MergeTree engine¶
The MergeTree
engine is designed for high data ingest rates and huge data volumes. Is the default engine for Data Sources.
Key features:
- The table's sorting key (defined by
ENGINE_SORTING_KEY
) determines the sort order within each table part. - The sorting key doesn't reference individual rows but blocks of 8192 rows called granules.
- You can partition tables using an arbitrary partition expression. Partition pruning ensures partitions are omitted from reading when the query allows it. When partitioning you should be aware that partitioning is not the fastest way to speed up queries, in contrast to the
ENGINE_SORTING_KEY
. A partition is the minimum unit of data for async operations, but for streaming ingest you should not write to more than one or two partitions.
Creating a MergeTree Data Source¶
Here's how to define a MergeTree data source:
SCHEMA > `event_date` Date `json:$.date`, `event_type` LowCardinality(String) `json:$.event_type`, `user_id` UInt64 `json:$.user_id`, `payload` JSON `json:$.payload` ENGINE "MergeTree" ENGINE_SORTING_KEY "event_type, event_date, user_id" [ENGINE_PARTITION_KEY "toYYYYMM(event_date)"] [ENGINE_TTL "event_date + INTERVAL 30 DAY"] [ENGINE_SETTINGS index_granularity=8192] [INDEXES > index_name index_expression TYPE index_type GRANULARITY index_granularity]
Engine Settings¶
ENGINE_SORTING_KEY
- Defines the sorting key. This is a tuple of column names or arbitrary expressions that determines how data is sorted within each part. For example:"event_type, event_date"
.ENGINE_PARTITION_KEY
- Optional. Defines the partitioning key. In most cases, you don't need a partition key, and if you do need to partition, generally you don't need a partition key more granular than by month. To partition by month, use"toYYYYMM(event_date)"
.ENGINE_TTL
- Optional. Defines rules for data expiration. The expression must result in a Date or DateTime, for example"event_date + INTERVAL 1 DAY"
.ENGINE_SETTINGS
- Optional. Defines settings for the engine. For example,"index_granularity=8192"
.INDEXES >
- Optional. Defines indexes for the engine.
Data Storage Internals¶
A table consists of data parts sorted by sorting key. When data is inserted in a table, separate data parts are created and each of them is lexicographically sorted by sorting key. For example, if the sorting key is "event_type, event_date"
, the data in the part is sorted by event_type
, and within each event_type
, it is ordered by event_date
.
When data is inserted in a DataSource, separate data parts are created and each of them is lexicographically sorted by sorting key. Data belonging to the same sorting key is stored in the same data part. Data belonging to different partitions are separated into different parts. In the background, the DataSource merges data parts for more efficient storage. Parts belonging to different partitions are not merged.

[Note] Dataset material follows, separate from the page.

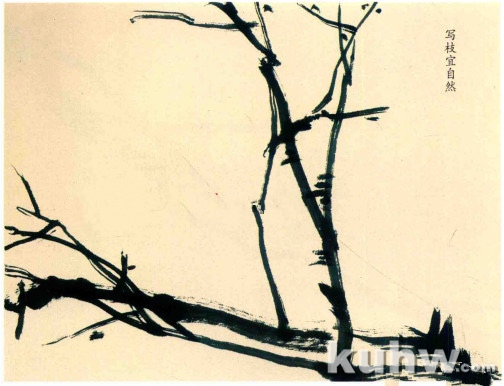 梅花枝干的画法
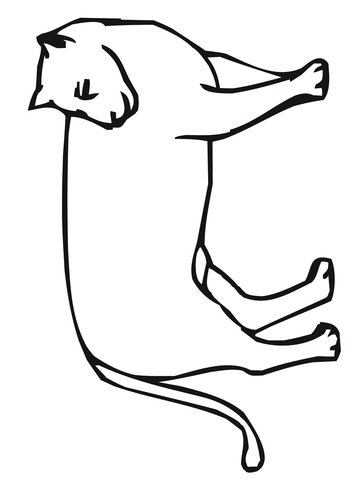 360x480 Mountain Lion Looks Back Coloring Page Free Printable Coloring Pages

The merge mechanism does not guarantee that all rows with the same primary key will be in the same data part. Each data part is logically divided into granules. A granule is the smallest indivisible data set that Tinybird reads when selecting data. Tinybird does not split rows or values, so each granule always contains an integer number of rows. The first row of a granule is marked with the value of the primary key for the row. For each data part, Tinybird creates an index file that stores the marks. For each column, whether it’s in the primary key or not, Tinybird also stores the same marks. These marks let you find data directly in column files.
The granule size is restricted by the index_granularity
setting of the table engine. The number of rows in a granule lays in the [1, index_granularity]

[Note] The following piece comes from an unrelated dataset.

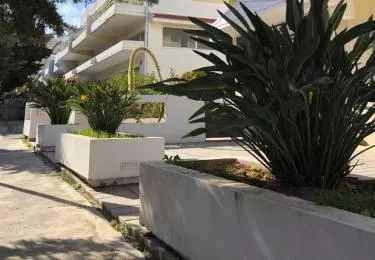 Casa Dama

range, depending on the size of the rows.
Sorting Keys and Indexes in Queries¶
Take the "event_type, event_date"
sorting key as an example. In this case, the sorting and index can be illustrated as follows:
Whole data: [-------------------------------------------------------------------------] event_type: [aaaaaaaaaaaaaaaaaabbbbcdeeeeeeeeeeeeefgggggggghhhhhhhhhiiiiiiiiikllllllll] event_date: [1111111222222233331233211111222222333211111112122222223111112223311122333] Marks: | | | | | | | | | | | a,1 a,2 a,3 b,3 e,2 e,3 g,1 h,2 i,1 i,3 l,3 Marks numbers: 0 1 2 3 4 5 6 7 8 9 10
If the data query specifies:
event_type in ('a', 'h')
, the server reads the data in the ranges of marks[0, 3)
and[6, 8)
.event_type = 'a' AND event_date = 3
, the server reads the data in the ranges of marks[1, 3)
and[7, 8)
.event_date = 3
, the server reads the data in the range of marks[1, 10]
.
The examples above show that it is always more effective to use an index than a full scan.
Data Skipping Indexes¶
SCHEMA > `event_date` Date `json:$.date`, `event_type` LowCardinality(String) `json:$.event_type`, `user_id` UInt64 `json:$.user_id`, `payload` JSON `json:$.payload` ENGINE "MergeTree" ENGINE_SORTING_KEY "event_type, event_date, user_id" INDEXES > index_name index_expression TYPE index_type GRANULARITY index_granularity
For tables from the *MergeTree
family, data skipping indices can be specified.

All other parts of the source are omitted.